__EXERCISE PROMPT__
Gather, from the data below, each line in which the word "Pure" occurs.

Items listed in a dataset
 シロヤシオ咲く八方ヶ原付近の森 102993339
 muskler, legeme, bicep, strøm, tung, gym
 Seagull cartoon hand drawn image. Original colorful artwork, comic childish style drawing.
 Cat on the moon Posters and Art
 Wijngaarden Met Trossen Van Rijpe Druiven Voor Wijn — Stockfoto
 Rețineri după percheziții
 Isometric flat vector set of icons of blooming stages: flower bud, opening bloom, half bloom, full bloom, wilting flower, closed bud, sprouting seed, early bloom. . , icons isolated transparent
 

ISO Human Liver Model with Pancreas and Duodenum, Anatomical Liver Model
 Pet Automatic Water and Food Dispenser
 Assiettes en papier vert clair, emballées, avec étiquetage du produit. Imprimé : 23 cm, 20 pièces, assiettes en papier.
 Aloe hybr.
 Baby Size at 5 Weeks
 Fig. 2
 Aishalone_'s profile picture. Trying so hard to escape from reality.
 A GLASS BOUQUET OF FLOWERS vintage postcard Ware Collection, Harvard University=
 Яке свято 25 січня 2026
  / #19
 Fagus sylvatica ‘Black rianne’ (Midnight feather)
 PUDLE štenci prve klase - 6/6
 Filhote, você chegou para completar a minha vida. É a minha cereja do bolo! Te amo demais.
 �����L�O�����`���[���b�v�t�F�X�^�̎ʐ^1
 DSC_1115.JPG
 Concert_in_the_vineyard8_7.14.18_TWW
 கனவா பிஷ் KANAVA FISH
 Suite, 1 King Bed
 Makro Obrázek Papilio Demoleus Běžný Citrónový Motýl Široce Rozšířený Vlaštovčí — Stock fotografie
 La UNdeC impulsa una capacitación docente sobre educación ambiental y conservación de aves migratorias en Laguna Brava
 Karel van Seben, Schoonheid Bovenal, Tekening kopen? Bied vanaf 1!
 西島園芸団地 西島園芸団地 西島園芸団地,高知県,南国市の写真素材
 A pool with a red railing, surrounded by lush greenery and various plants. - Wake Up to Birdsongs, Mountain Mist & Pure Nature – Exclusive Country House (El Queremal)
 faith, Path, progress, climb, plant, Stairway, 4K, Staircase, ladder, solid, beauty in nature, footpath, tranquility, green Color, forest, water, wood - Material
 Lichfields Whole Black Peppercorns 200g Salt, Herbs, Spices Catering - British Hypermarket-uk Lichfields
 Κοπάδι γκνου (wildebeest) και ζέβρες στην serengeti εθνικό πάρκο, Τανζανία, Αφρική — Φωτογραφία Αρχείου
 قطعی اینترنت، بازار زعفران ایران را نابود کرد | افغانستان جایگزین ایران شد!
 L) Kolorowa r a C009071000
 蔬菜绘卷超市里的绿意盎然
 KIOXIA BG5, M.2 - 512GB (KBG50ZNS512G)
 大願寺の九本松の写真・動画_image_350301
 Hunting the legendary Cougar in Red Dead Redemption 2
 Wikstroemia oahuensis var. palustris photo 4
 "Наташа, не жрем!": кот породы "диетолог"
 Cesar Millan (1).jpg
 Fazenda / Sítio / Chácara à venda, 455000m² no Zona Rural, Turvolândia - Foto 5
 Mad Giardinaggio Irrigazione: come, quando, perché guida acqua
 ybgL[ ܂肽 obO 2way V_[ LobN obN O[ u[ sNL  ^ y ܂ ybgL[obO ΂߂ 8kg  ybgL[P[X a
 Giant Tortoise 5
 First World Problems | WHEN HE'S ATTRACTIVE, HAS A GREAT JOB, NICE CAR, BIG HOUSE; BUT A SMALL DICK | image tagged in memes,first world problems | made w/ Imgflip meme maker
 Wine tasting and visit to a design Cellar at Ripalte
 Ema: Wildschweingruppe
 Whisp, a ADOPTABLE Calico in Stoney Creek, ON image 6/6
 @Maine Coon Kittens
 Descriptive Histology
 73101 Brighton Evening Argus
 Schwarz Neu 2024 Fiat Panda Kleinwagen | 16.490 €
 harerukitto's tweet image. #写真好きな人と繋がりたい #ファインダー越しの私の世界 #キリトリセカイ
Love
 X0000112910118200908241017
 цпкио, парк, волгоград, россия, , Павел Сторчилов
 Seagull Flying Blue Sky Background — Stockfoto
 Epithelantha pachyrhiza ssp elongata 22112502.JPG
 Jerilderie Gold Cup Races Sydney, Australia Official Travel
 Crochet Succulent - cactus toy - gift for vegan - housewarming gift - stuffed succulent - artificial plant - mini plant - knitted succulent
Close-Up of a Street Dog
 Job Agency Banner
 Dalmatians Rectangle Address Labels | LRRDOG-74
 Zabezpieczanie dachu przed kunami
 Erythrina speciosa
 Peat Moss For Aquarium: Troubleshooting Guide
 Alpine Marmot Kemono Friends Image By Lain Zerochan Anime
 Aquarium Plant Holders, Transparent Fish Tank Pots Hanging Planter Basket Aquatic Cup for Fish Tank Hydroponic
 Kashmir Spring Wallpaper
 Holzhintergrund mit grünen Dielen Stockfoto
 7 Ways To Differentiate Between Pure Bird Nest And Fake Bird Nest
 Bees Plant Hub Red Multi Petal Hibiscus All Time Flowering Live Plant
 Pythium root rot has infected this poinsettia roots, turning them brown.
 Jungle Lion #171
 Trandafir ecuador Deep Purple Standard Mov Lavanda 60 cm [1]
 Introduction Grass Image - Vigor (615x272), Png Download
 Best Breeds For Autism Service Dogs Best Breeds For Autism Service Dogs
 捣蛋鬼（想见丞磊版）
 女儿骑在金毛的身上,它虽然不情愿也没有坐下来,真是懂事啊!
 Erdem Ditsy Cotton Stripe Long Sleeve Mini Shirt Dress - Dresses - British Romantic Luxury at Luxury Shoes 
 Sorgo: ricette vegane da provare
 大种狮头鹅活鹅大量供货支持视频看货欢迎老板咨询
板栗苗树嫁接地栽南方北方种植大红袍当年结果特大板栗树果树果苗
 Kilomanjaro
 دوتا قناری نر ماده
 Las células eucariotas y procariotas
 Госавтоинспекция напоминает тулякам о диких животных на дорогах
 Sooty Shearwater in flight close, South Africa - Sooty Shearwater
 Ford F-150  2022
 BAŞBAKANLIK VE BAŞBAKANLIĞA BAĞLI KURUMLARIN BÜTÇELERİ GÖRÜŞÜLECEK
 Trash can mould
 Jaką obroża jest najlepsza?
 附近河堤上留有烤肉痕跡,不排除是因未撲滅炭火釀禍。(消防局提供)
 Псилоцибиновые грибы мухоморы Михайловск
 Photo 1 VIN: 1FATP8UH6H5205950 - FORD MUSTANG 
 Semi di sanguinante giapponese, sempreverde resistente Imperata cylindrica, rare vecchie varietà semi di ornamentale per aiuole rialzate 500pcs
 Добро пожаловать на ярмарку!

__EXERCISE SOLUTION__
 A pool with a red railing, surrounded by lush greenery and various plants. - Wake Up to Birdsongs, Mountain Mist & Pure Nature – Exclusive Country House (El Queremal)
 7 Ways To Differentiate Between Pure Bird Nest And Fake Bird Nest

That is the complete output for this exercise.